Most-used platforms among adults 18+ (modeled share who use each)

  • YouTube: ~75–80%
  • Facebook: ~65–70%
  • Instagram: ~30–40%
  • Pinterest: ~30–35%
  • TikTok: ~25–35%
  • Snapchat: ~25–35%
  • WhatsApp: ~18–25%
  • X (Twitter): ~15–22%
  • Reddit: ~12–18%
  • LinkedIn: ~15–22% Notes: In small rural communities, Facebook Groups and Marketplace usage is notably high; YouTube is widely used across ages.

Age-group usage profile (modeled)

  • Teens 13–17: 85–90% on at least one platform; heavy on TikTok and Snapchat; YouTube near-universal for video.
  • 18–29: 90–95%+; Instagram, TikTok, Snapchat dominant; YouTube widely used; Facebook present but secondary.
  • 30–49: 85–90%; Facebook and YouTube lead; Instagram/TikTok used but lower than under-30s; Messenger common.
  • 50–64: 75–80%; Facebook first, YouTube second; Pinterest notable (especially women).
  • 65+: 50–60%; Facebook primary; YouTube for news/how-to; lower usage elsewhere.

Gender breakdown (modeled tendencies among adults)

  • Women: Higher likelihood of Facebook (~+5–8 points vs men) and Pinterest; moderate Instagram and Snapchat.
  • Men: Higher YouTube usage; more presence on Reddit and X; slightly lower Facebook than women.

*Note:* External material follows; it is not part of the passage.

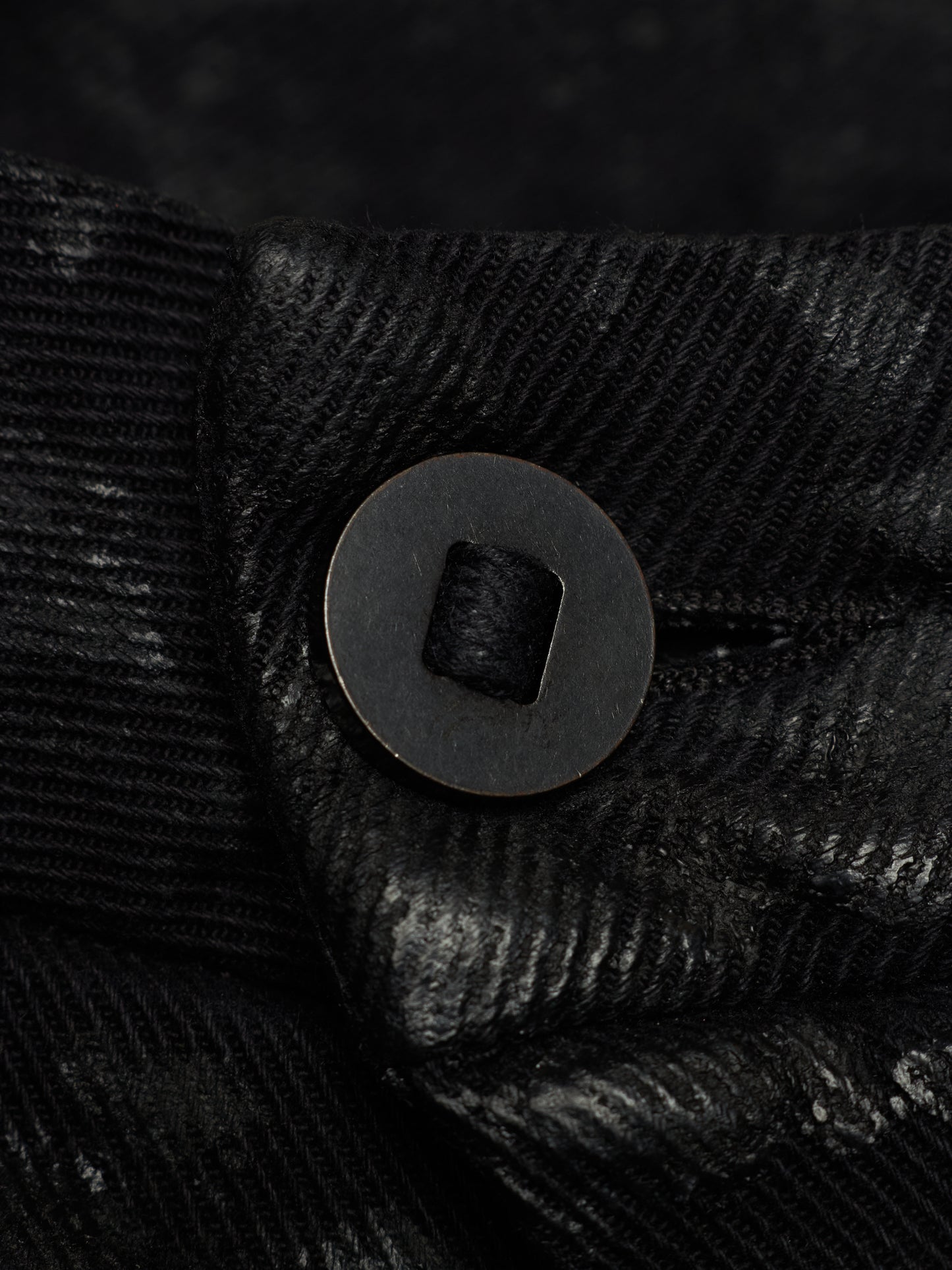 Boris Bidjan Saberi SS16 'P13XTRATIGHT F177' Black Object-Dyed Vinyl Processed Skinny Stretch Denim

Behavioral trends observed in similar rural Texas counties and likely in Swisher County

  • Community-first Facebook behavior: heavy use of local groups for schools, churches, youth sports, civic updates, lost-and-found, and buy/sell (Marketplace).
  • Video consumption over creation: broad YouTube and Facebook Reels/TikTok viewing; few frequent creators, many scrollers.
  • Peak engagement windows: early morning (pre-work/school), lunch, and evenings; weekends show spikes around school sports and community events.
  • Messaging reliance: Facebook Messenger is universal; WhatsApp present, aided by Spanish-speaking households; SMS still common for coordination.
  • Trust and information: local pages (school district, county, EMS, churches) and word-of-mouth posts drive news and event discovery more than national outlets.
  • Commerce: local businesses favor boosted Facebook posts and short videos; event flyers and fundraisers circulate rapidly via Facebook sharing.

Method and sources

  • Figures are best-available modeled estimates for Swisher County, applying Pew Research Center 2024 rural social-media adoption rates to the county’s population profile (U.S. Census Bureau 2020 decennial and recent ACS patterns). Exact platform user counts are not directly measured at the county level, but the ranges above align with rural Texas usage norms.